2. **Automated Evaluation:** Parsing articles into structured formats and assessing each section and sentence against the generated requirements using LLMs.
3. **Result Rendering:** Visualizing evaluation outcomes through annotated text and heat maps to provide clear feedback on compliance levels.
### Detailed Architecture
#### Core Components
- **StyleGuideProcessor:** Transforms `styleguide.txt` into a structured `requirements.json`, extracting sections and assigning relevant style rules.
- **ArticleParser:** Parses `article.md` into a hierarchical `ArticleNode` tree, handling different section types and structuring content for evaluation.
- **ArticleEvaluator:** Evaluates each `ArticleNode` against `requirements.json`, utilizing the LanguageModel API to generate compliance scores and feedback.
- **LanguageModel:** Interface for prompt-based evaluations, generating both qualitative and quantitative assessments.
#### Workflow Steps
1. **Initialization:** Load style guides and initialize system components.

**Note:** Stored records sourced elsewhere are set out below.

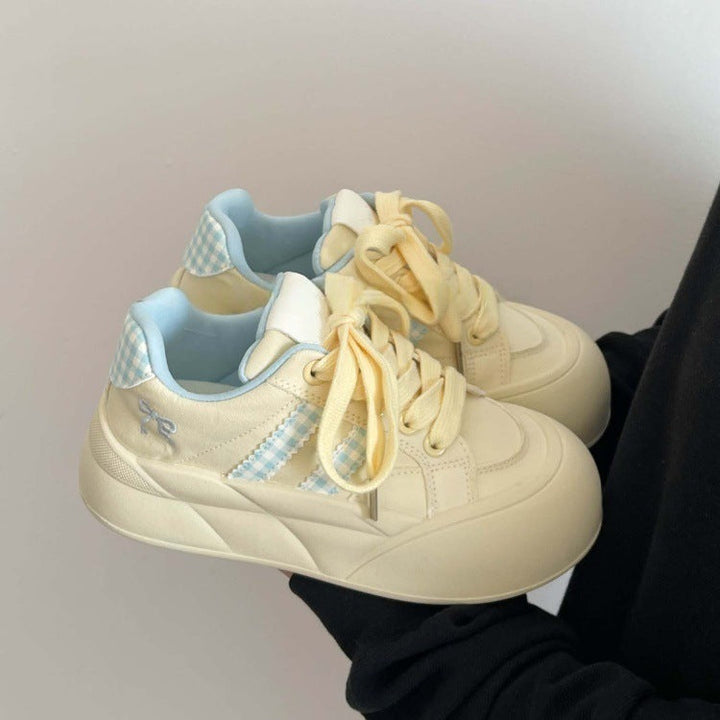 Damen Sportliche Sneakers Drune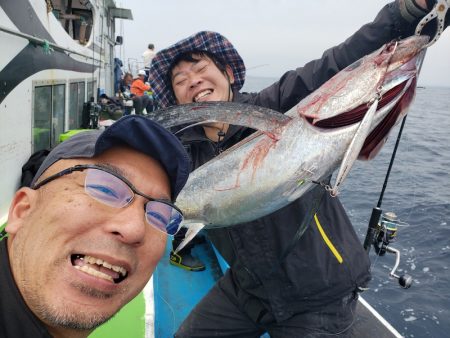 丸万釣船 釣果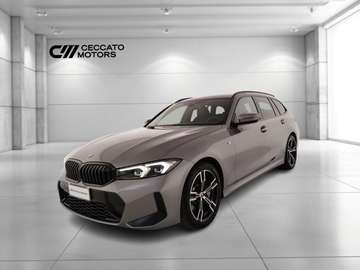 330d mhev 48V xdrive MSport auto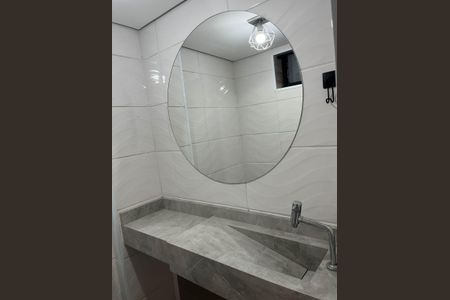 Banheiro de apartamento à venda com 2 quartos, 150m² em Boa Vista, São Caetano do Sul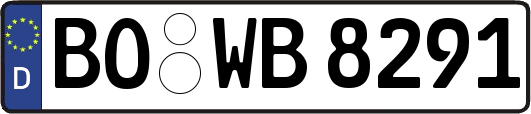 BO-WB8291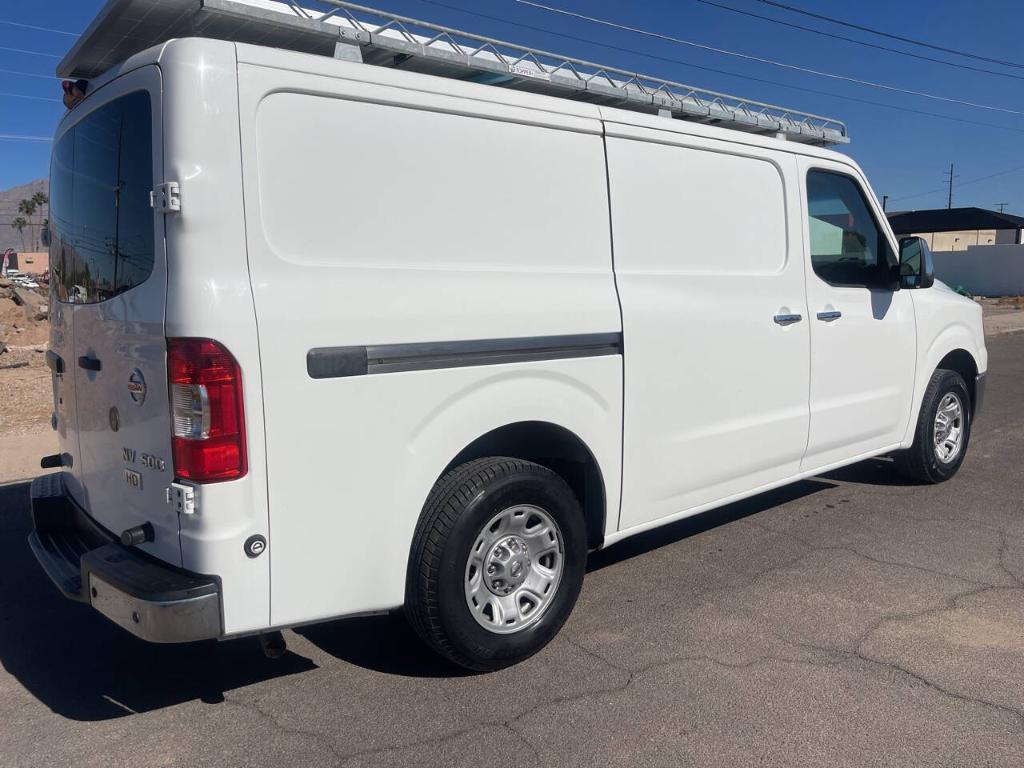 used 2012 Nissan NV Cargo car, priced at $11,995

2. **Style Guide Processing:** Parse the Manual of Style and extract formalized requirements.
3. **Article Parsing:** Convert articles into structured `ArticleNode` trees.
4. **Article Evaluation:** Assess each section and sentence for compliance, generating scores and feedback.
5. **Output Generation:** Present evaluation results through interactive interfaces and visual tools.
## The Omnipedia Application
### Purpose and Objectives
Omnipedia aims to automate the review process of Wikipedia articles by ensuring adherence to established style guidelines. The primary objectives include:
- **Scalability:** Efficiently handle the growing volume of Wikipedia articles.
- **Consistency:** Maintain uniform quality across all articles by adhering to style guidelines.
- **Efficiency:** Reduce manual workload on human reviewers through automation.
- **Actionable Feedback:** Provide clear and constructive feedback to authors for improving article quality.
### Key Features
- **Structured Evaluation:** Links specific style requirements to corresponding sections and sentences within articles.
- **Context-Sensitive Feedback:** Offers sentence-level and section-level evaluations with detailed suggestions for improvements.
- **Human-Machine Collaboration:** Combines automated assessments with human oversight to ensure reliability and accuracy.
### Advanced Capabilities
- **Multi-Agent, Multi-Prompt System:** Utilizes multiple LLM agents to handle parallel evaluations, enhancing efficiency.
- **Structured Retrieval-Augmented Generation (RAG):** Maintains high-quality outputs by locking in effective evaluations and avoiding redundant processing.
### User Interface
- **Annotated Viewing Interface:** Displays articles with color-coded highlights indicating compliance levels, allowing users to view detailed feedback and suggestions.